Crawled caption data:

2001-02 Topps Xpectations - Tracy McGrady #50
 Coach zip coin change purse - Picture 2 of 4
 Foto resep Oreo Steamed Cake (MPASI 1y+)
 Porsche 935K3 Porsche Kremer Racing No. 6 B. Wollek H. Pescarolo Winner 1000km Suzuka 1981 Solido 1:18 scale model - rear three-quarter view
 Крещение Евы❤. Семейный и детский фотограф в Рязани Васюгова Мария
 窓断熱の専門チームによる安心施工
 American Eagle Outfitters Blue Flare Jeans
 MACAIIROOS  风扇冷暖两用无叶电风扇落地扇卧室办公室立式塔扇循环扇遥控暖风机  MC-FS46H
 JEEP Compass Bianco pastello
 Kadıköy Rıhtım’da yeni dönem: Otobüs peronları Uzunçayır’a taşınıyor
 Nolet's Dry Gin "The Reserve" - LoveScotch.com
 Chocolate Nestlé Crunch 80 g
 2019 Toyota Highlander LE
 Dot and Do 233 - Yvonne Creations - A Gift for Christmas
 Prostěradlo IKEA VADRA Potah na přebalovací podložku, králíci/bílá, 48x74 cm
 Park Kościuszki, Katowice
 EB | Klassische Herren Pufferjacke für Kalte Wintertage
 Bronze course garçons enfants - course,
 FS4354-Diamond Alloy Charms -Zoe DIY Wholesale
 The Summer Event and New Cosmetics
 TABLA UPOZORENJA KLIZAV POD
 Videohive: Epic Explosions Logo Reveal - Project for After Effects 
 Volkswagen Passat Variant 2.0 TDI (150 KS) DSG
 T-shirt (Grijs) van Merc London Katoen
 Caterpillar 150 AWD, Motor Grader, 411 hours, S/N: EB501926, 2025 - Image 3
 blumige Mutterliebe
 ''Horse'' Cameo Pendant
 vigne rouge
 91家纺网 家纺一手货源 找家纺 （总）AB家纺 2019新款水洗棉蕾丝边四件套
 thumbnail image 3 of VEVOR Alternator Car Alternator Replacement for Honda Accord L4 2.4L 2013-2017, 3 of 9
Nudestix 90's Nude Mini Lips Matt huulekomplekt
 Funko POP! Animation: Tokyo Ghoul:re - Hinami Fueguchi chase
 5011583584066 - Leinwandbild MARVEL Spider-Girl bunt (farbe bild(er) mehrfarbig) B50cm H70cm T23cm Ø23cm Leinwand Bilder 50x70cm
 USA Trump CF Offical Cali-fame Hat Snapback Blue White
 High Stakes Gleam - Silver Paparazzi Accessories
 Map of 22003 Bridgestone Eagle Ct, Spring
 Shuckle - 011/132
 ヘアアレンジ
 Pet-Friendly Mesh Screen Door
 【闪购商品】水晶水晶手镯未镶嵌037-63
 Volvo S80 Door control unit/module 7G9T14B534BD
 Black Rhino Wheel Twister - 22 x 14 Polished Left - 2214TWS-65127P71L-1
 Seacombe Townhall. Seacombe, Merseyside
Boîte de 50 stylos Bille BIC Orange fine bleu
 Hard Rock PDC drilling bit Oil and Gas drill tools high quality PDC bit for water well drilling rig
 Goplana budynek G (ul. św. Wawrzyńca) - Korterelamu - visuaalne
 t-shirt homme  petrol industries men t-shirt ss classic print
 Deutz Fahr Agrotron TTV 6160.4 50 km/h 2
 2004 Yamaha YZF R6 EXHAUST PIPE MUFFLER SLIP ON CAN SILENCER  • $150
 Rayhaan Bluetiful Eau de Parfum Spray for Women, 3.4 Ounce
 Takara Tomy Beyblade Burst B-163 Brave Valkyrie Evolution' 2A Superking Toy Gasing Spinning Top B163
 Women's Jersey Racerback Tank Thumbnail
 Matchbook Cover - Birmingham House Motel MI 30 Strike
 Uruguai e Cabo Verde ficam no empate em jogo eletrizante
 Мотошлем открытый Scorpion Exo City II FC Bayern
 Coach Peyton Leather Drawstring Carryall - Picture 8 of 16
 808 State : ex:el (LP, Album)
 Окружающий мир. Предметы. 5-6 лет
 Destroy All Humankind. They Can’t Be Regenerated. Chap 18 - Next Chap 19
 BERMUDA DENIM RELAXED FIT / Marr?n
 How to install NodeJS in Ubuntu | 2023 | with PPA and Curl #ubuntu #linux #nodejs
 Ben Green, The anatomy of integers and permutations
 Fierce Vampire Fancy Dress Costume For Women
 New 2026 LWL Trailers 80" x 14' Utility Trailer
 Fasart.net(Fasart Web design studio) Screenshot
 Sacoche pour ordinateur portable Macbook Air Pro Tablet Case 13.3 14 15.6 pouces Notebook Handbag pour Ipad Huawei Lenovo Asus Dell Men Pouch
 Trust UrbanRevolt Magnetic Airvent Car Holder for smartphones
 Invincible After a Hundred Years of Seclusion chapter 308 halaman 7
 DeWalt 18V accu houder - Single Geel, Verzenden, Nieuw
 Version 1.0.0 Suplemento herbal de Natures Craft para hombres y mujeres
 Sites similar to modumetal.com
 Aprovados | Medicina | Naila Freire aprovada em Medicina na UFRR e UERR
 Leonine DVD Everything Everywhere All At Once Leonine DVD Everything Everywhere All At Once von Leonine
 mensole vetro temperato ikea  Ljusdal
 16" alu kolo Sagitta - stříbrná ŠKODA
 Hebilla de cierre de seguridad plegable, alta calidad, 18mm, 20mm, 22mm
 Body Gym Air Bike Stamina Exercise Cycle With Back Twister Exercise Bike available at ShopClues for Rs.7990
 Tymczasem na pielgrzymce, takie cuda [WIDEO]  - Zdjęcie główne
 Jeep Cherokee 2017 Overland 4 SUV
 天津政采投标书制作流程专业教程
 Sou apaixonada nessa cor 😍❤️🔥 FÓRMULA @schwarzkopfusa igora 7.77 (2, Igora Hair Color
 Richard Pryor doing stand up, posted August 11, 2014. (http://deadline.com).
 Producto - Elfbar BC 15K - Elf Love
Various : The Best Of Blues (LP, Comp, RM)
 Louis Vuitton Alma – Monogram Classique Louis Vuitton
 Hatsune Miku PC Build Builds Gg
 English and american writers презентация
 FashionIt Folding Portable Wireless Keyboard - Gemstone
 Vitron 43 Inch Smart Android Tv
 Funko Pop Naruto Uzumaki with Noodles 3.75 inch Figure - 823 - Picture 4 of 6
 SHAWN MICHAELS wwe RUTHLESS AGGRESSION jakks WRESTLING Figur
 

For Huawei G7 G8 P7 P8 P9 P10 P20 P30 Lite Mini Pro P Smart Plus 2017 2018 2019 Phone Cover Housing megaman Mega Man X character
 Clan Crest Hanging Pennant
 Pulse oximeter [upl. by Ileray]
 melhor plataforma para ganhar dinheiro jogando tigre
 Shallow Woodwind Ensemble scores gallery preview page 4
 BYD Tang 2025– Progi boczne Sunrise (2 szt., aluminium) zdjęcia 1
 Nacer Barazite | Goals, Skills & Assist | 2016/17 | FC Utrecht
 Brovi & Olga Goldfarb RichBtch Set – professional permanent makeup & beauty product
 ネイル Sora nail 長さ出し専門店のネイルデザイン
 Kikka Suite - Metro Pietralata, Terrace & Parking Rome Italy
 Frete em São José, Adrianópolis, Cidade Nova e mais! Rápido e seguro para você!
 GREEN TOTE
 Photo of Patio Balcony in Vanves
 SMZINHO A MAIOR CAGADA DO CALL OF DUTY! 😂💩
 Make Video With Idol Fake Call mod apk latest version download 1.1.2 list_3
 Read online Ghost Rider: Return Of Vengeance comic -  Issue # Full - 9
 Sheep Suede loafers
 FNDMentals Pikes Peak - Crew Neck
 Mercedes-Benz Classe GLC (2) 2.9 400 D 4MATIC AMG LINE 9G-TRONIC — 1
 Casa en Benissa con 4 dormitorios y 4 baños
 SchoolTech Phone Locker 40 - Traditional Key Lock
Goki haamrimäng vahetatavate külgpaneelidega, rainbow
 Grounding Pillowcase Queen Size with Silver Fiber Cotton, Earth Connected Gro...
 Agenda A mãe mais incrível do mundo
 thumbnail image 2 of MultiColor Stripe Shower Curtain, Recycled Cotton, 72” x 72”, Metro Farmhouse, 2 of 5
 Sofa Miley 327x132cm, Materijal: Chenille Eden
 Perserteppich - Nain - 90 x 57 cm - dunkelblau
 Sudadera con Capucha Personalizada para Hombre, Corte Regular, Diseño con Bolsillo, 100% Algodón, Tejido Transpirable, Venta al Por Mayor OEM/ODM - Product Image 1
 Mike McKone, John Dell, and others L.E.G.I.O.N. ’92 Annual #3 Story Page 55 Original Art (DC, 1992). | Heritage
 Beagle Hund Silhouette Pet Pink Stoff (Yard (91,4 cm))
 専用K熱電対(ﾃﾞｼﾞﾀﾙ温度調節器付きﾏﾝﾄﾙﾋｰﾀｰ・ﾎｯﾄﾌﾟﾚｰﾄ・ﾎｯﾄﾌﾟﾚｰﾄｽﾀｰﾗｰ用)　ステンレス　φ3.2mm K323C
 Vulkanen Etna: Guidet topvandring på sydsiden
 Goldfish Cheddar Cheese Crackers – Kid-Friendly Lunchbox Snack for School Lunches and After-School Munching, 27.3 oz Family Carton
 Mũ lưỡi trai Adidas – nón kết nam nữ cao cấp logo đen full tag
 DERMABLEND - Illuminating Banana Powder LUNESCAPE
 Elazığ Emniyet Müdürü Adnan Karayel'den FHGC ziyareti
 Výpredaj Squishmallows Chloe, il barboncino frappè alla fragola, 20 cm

[TASK DETAILS] Copy the records above exactly, please, but only from the first line through the line containing "FS4354-Diamond Alloy Charms".

[TASK SOLUTION]
2001-02 Topps Xpectations - Tracy McGrady #50
 Coach zip coin change purse - Picture 2 of 4
 Foto resep Oreo Steamed Cake (MPASI 1y+)
 Porsche 935K3 Porsche Kremer Racing No. 6 B. Wollek H. Pescarolo Winner 1000km Suzuka 1981 Solido 1:18 scale model - rear three-quarter view
 Крещение Евы❤. Семейный и детский фотограф в Рязани Васюгова Мария
 窓断熱の専門チームによる安心施工
 American Eagle Outfitters Blue Flare Jeans
 MACAIIROOS  风扇冷暖两用无叶电风扇落地扇卧室办公室立式塔扇循环扇遥控暖风机  MC-FS46H
 JEEP Compass Bianco pastello
 Kadıköy Rıhtım’da yeni dönem: Otobüs peronları Uzunçayır’a taşınıyor
 Nolet's Dry Gin "The Reserve" - LoveScotch.com
 Chocolate Nestlé Crunch 80 g
 2019 Toyota Highlander LE
 Dot and Do 233 - Yvonne Creations - A Gift for Christmas
 Prostěradlo IKEA VADRA Potah na přebalovací podložku, králíci/bílá, 48x74 cm
 Park Kościuszki, Katowice
 EB | Klassische Herren Pufferjacke für Kalte Wintertage
 Bronze course garçons enfants - course,
 FS4354-Diamond Alloy Charms -Zoe DIY Wholesale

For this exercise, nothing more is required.